16 Years After the Affordable Care Act, Small Businesses Warn Coverage Is Slipping Out of Reach Again
FOR IMMEDIATE RELEASE
March 23, 2026
As subsidies expire and uninsured rates rise, Main Street Alliance calls for bold federal action to stabilize and expand health care access
Washington, D.C. — Sixteen years after the passage of the Affordable Care Act (ACA), small business owners across the country are warning that the promise of affordable, accessible health care is once again under threat.
New reporting shows that as enhanced ACA subsidies expire, millions of Americans are losing coverage or facing sharply rising premiums, leaving families and entrepreneurs increasingly exposed to the financial and personal risks of going uninsured.
For small business owners, the consequences are especially acute. Without the scale of large employers or the safety nets available to low income households, small businesses are often forced to navigate both the employer and individual insurance markets, absorbing rising costs while trying to provide stability for themselves and their employees.
That dual role makes small business owners uniquely powerful validators in the health care debate. They are not abstract stakeholders. They are job creators, community anchors, and firsthand witnesses to how policy decisions translate into real economic pressure. When they speak, lawmakers hear lived experience.

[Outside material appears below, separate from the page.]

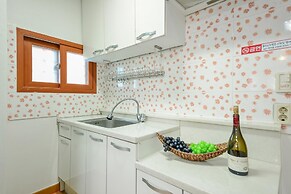 Ganghwa Punggyung Gryujineon zip Pension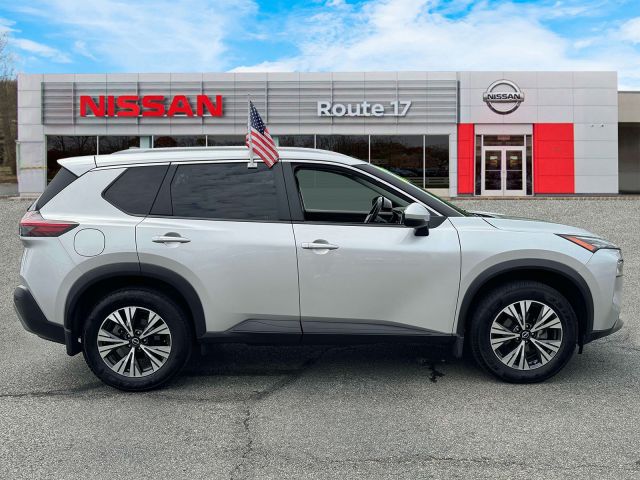 2022 Nissan Rogue AWD SV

Main Street Alliance, which played a key role in advocating for the ACA’s passage, says that same leadership is needed now.
“As we mark 16 years since the ACA, we should be building on its promise, not watching it unravel,” said Richard Trent, Executive Director of Main Street Alliance. “Right now, millions of Americans are living with a quiet, constant fear. The phone call from the doctor. The bill in the mail. The moment something goes wrong and there is no safety net. For small business owners, this is not theoretical. It is the difference between staying open or shutting down, between hiring or cutting back, between stability and chaos. We have seen what progress looks like, and we know what is at stake if we fall backward.”
Main Street Alliance is urging federal lawmakers to meet this moment with the same urgency and ambition that defined the ACA’s passage. That includes stabilizing and expanding subsidies, addressing underlying cost drivers, and pursuing bold solutions that ensure affordable coverage is a reality, not a gamble, for working families and entrepreneurs.
“Sixteen years ago, this country made a choice to move forward,” Trent added. “Small business owners helped lead that charge, and we are ready to do it again. But this time, we need leaders in Washington who are willing to think as big as the problem actually is.”